Work item:
Produce exactly the lines from the one holding "کلینیک زیبایی آذرخش" through the last line of the data below, with every picture left out.

*** Provided material ***

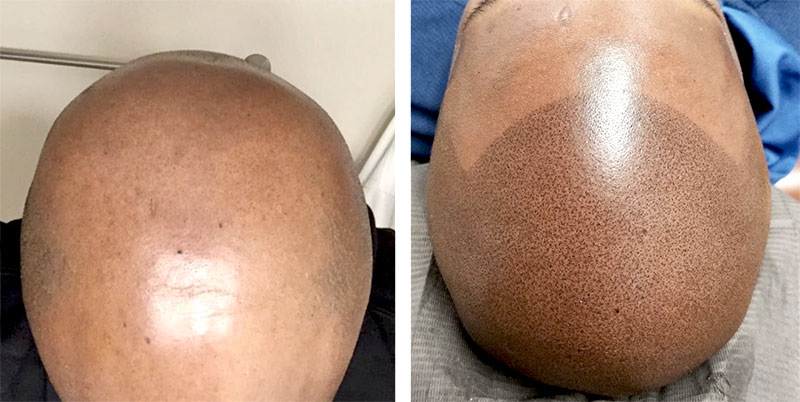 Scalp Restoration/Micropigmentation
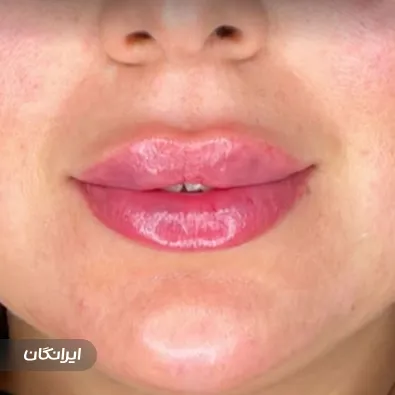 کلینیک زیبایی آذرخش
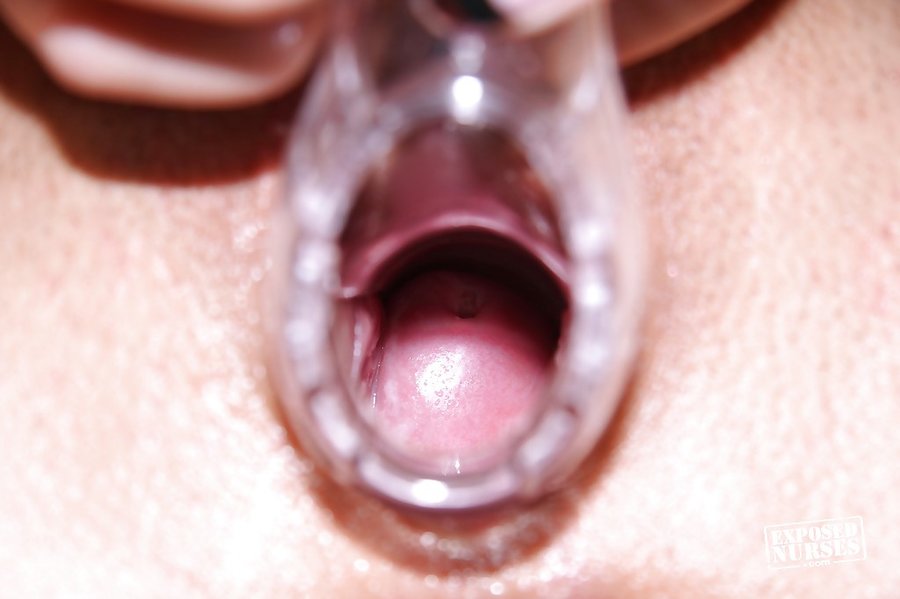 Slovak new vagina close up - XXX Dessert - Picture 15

*** End of Provided material ***

Solution below:
 کلینیک زیبایی آذرخش
 Slovak new vagina close up - XXX Dessert - Picture 15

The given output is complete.